There's a well-known paper in academic circles that features a rediscovery of the trapezoidal rule for numerical integration by a medical researcher:
“A Mathematical Model for the Determination of Total Area Under Glucose Tolerance and Other Metabolic Curves”, Mary M. Tai, Diabetes Care, 1994, 17, 152–154.
I think the paper's only figure says it all:
You can find comments on many blogs about it, most of them along the lines of “turns out calculus was invented in 1994”. I think it truly is a bit sad that the paper made it past the researcher, her immediate colleagues and friends, a Yale professor of electrical engineering who is thanked for “his expert review”, and most importantly reviewers, without someone giving the author a hint.
In my opinion, the most optimistic view is to see it as an educational paper: the method is not new, but that particular medical community didn't know about it, so it was worth publishing. However, that is not what the paper states: the author clearly presents the method as new and names it after her.
Okay, I think I have explained the context. My question is: after that peer-review failure was exposed, what should have happened to the paper? What happened is that the same journal published a series of comments on the paper, and a reply by the author to the comments. Was that the correct/ethical way of handling the issue, as an editor? Or should the paper have been retracted?
Answer
The answer to this question depends on what we should term a peer-review failure. There are tons of journals in the academic market: some journals are happy to publish results as long as they are correct even if they do not push the boundary of innovation. There are some journals that are happy to publish unsound experimental work, and on the other hand, some that encourage theoretical models that are severely impractical and are essentially mathematical mumbo-jumbo.

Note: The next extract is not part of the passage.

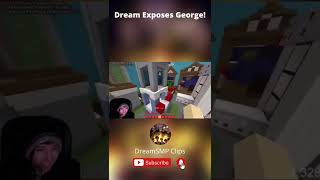 Dream Exposes George!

Publishing something blindingly obvious even to a high-school student is ridiculous, but we could infer two things: one, the editor and the reviewers had not found this so obvious, and two, the journal did not (or does not?) have high standards on innovation anyway. Given it is a field that potentially could have practitioners who know not a thing about calculus, the publication should not come as a big surprise.
The reality is that publication of known facts is not all that uncommon in academia. The hoo-ha over this paper is basically because of the elementariness of the concept. One could expect apologies from journals for wrong results but not necessarily for stale ones.